Some Helped Change Law Enforcement

When Atlanta Police Chief Richard Pennington announced he would
resign at the end of the year, his decision wasn't entirely a surprise.

Both candidates for mayor in this week's runoff election had vowed to
overhaul the police department, saying high-profile crimes in the
city jeopardized public safety.

Pennington's departure, announced last week after seven years at the
helm, has significance beyond Atlanta's borders: It is the latest in
an exodus of at least half a dozen big-city police chiefs this year.

Some of the nation's best-known local law enforcement figures have
announced their retirements and resignations in Atlanta, Los Angeles,
San Francisco, Miami, Dallas and Seattle. Their exits signal that an
important era in U.S. policing is nearing an end, some analysts say.

Joe McNamara, a criminal justice research fellow at Stanford
University's Hoover Institution, says some of the departing chiefs --
including Los Angeles' William Bratton, who left in October -- helped
"bring policing out of the dark ages."

"They helped bring crime down in their cities by identifying
(crime-ridden areas) through the use of computer analysis," McNamara
says. "It was a big change when you consider that changing the way a
police department does business is like trying to turn an ocean liner
with a toothpick."

Jim Pasco, executive director of the Fraternal Order of Police, the
nation's largest police union, describes Bratton and former Seattle
police chief Gil Kerlikowske -- who left in March to become the White
House drug czar -- as "pacesetters" in precarious jobs. "A lot of
this is cyclical," Pasco says. "Because many of these people serve at
the pleasure of the local political leadership, political change
means some of them have to leave."

The personnel changes happen at a critical time in local policing,
says Samuel Walker, a criminal justice professor at the University of Nebraska.

He says cities are confronting public-safety challenges, from taking
a larger role in the national counterterrorism strategy and absorbing
deep budget cuts to reintegrating veterans returning to the ranks
from wars in Iraq and Afghanistan.

"These are real worrisome issues," Walker says.

Bratton, who works for an international security firm, says he can't
recall another time when so many big-city chiefs left in roughly the
same period. "It's a time of great transition," he says.

The chiefs who are leaving extended their tenure beyond the average
of about 31/2 years, says Geoff Alpert, a criminal justice professor
at the University of South Carolina.
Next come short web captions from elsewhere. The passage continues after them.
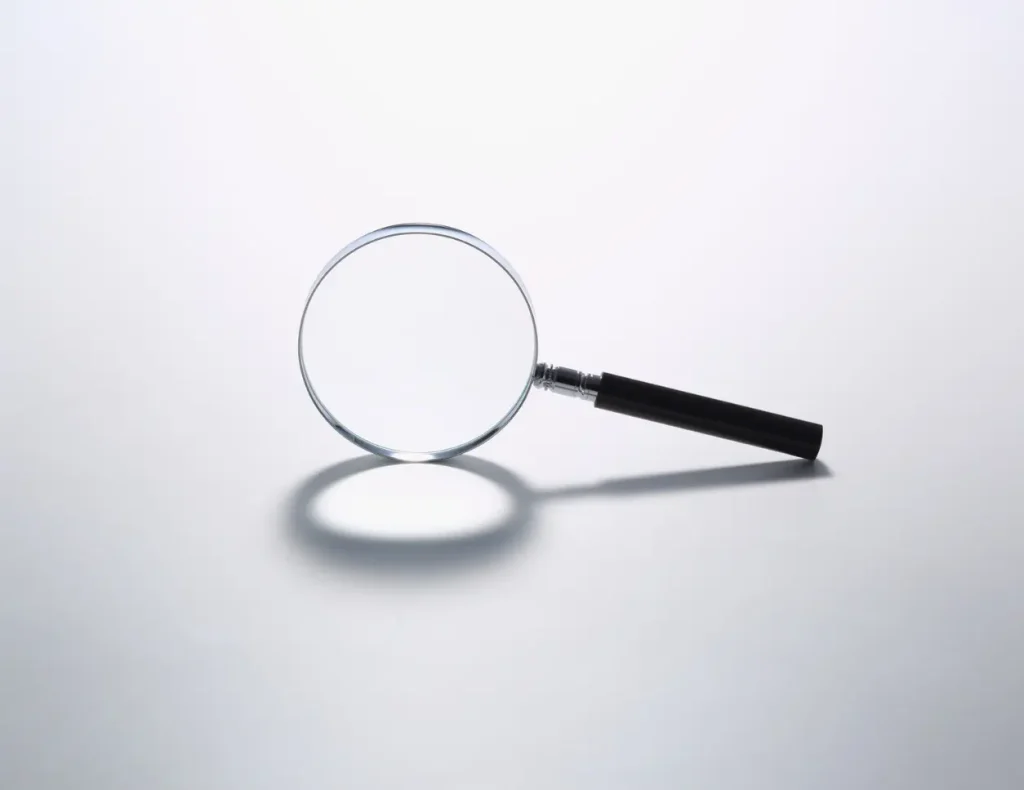 Magnifying glass resting on a white background with visible shadow.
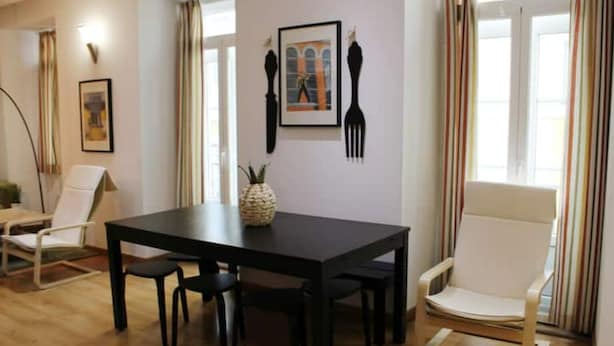 Un comedor con una mesa negra, cuatro sillas, un centro de mesa con piña y un cuadro en la pared.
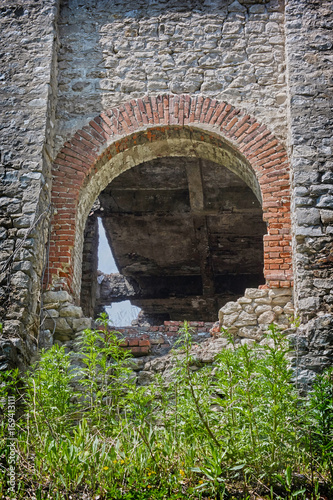 Fototapeta Naklejka Na Ścianę i Meble -  Ruins of an old ruined  house.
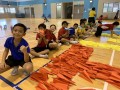 largest text formation made of paper airplanes (18)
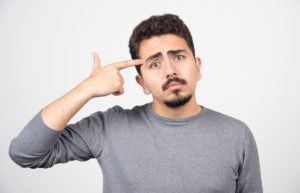 adult experiencing dry, irritated eyes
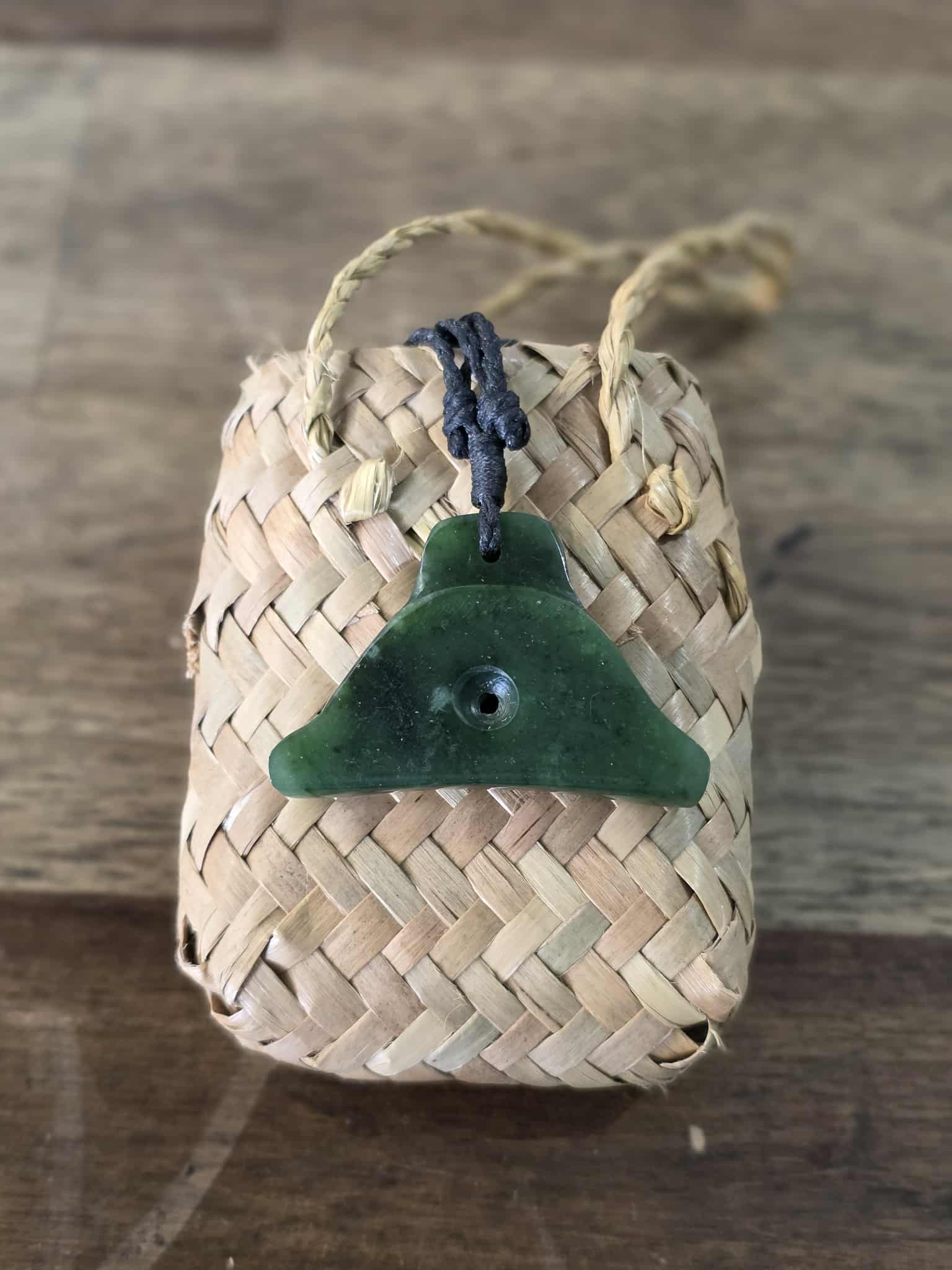 Pounamu (greenstone) shepherds whistle necklace on black braid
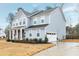 Charming two-story home with a well-kept lawn and attached garage at 213 W Weatherford Dr, Angier, NC 27501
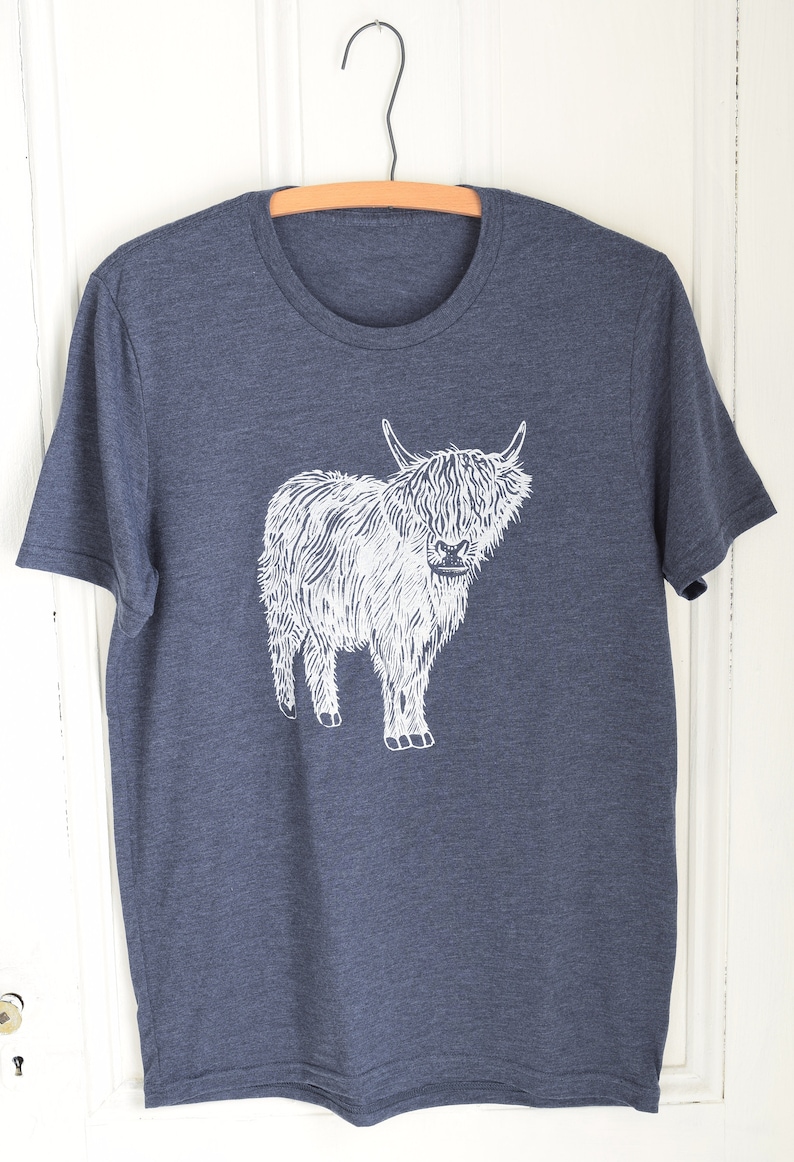 May include: A dark blue t-shirt with a white graphic of a Highland cow. The cow is standing on all four legs and has a long, shaggy coat.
They forged career paths through
multiple major cities.

Before arriving in Los Angeles in 2002, Bratton served as police
commissioner in New York City and Boston. In New York, under Mayor
Rudy Giuliani, Bratton helped cut violent crime to historic lows.

Miami Police Chief John Timoney, who announced his resignation last
month, was Bratton's top assistant in New York and then headed the
police departments in Philadelphia and Miami. When he arrived in
Miami in 2003, he inherited a department scarred by incidents of
police abuse. He responded by restricting when officers could fire
their weapons.

McNamara says both chiefs established national reputations as
public-safety problem solvers.

Bratton says the big-city chiefs leaving this year shared a
philosophy that effective policing could reduce crime -- if officers
"were appropriately led, had the appropriate resources and were
appropriately supported," he says. "Technology then became
increasingly important as an enabler of that philosophy."

Many of the high-profile chiefs have hit some bumps during their
relatively long tenures.

Both Timoney and Pennington have clashed with police unions. Timoney
acknowledged two years ago that his free use of a sport-utility
vehicle from a local car dealer created a "perception" problem. He
later paid for the SUV.

Pennington was accused by his union of being away from the city
during some of Atlanta's highest-profile crimes, including the fatal
shooting in 2006 of 92-year-old Kathryn Johnston. She was killed by
police involved in a botched drug raid. Last week, Pennington
apologized for the incident.

Timoney announced his retirement after the election of Mayor Tomas
Regalado, who had vowed to bring new leadership to the department,
citing morale problems in the ranks.

Timoney, whom Esquire once dubbed "America's Best Cop," says he is
leaving the department having "fulfilled my mission."

"It would be arrogant to say that you can't be replaced," says
Timoney, who won't rule out another law enforcement job.

"You know, they don't make cops like they used to," the chief jokes,
quickly adding that some might say, "Thank God for that."